Shareholders can retain the stock, given the relatively sound long-term prospects arising from traction in the company's growth numbers and its improving product mix.
However, after the recent sharp move the stock trades at about 32 times its trailing earnings, at a valuation premium to the rest of the FMCG space. The stock price could cool in the short term.
Healthy numbers
After an inconsistent performance in the preceding quarters, Colgate Palmolive India reported strong profit growth of 37 per cent in the March quarter of 2006-07.
The profit growth appears to be driven by an improving product mix, lower tax incidence on account of newly-commissioned facilities at Baddi, HP, and a slower growth in adspend. Sales growth also improved sequentially, from 12.8 per cent in the preceding quarter to 13.3 per cent in the latest quarter. Domestic sales of oral-care products such as toothpaste and tooth brush picked up pace recently on the back of increasing offtake from the rural and semi-urban areas. Colgate, as the dominant player in the mass-market segment (HLL does not have a presence), has been a key beneficiary of this trend.
The company's efforts at broad-basing its portfolio also appear to be bearing fruit, with the company garnering significant market shares in liquid soap and body wash segments.
The improving growth trajectory has helped Colgate close FY-07 with a healthy 15 per cent growth in sales and a 17 per cent growth in net profit.
One-time dividend
Along with its earnings numbers for the March quarter, the company unveiled a proposal to declare a one-time "deemed dividend" of Rs 9 per share.
This move, intended to return excess capital to shareholders, has been structured as a capital-reduction proposal that will reduce the face value of each Colgate share.

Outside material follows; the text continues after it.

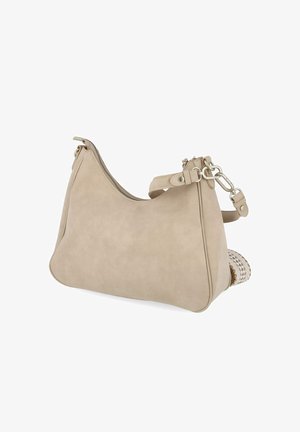 Sac à bandoulière en cuir beige avec ferrures argentées, fermeture éclair et bandoulière amovible, posé sur une surface blanche avec un objet tissé partiellement visible.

This is likely to take time to implement, as it requires shareholder and court approvals.
Investors need to note that though it will eventually result in an inflow of about Rs 9 per share, this move has no direct wealth implications for them:
The capital reduction proposal will have no impact on the company's per share earnings , as the number of outstanding shares will remain unchanged. Though the proposal will reduce the face value of each share, the absolute stock price will not fall after the dividend payout.
Investors need to note that this move to return capital is different from a stock split. In a stock-split proposal, the number of outstanding shares available for trading in the stock market expands while the face value of each share shrinks.
In this case, only the face value shrinks from Rs.10 to Re 1, with Rs 9 per share being returned to shareholders. The per-share earnings and the number of outstanding shares remain the same.
The move will, therefore, not improve liquidity in the stock or reduce the absolute stock price.
However, the proposal may have an indirect impact on valuations, as it will improve Colgate's returns metrics — its Return on Equity, Return on Net Worth and Return on Capital Employed numbers.
This is because Colgate will be liquidating Rs 122 crore worth of low-return yielding investments (now part of its net worth) and carried by its treasury operations, to fund the deemed dividend.
Though investors who buy the stock now will be entitled to dividends of Rs 18.5 per share over the next year (Rs 9.5 annual dividend plus Rs 9 special dividend), the sustainable dividend per share amounts to only Rs 9.5 (this amounts to a sustained dividend yield of less than 3 per cent on current stock price).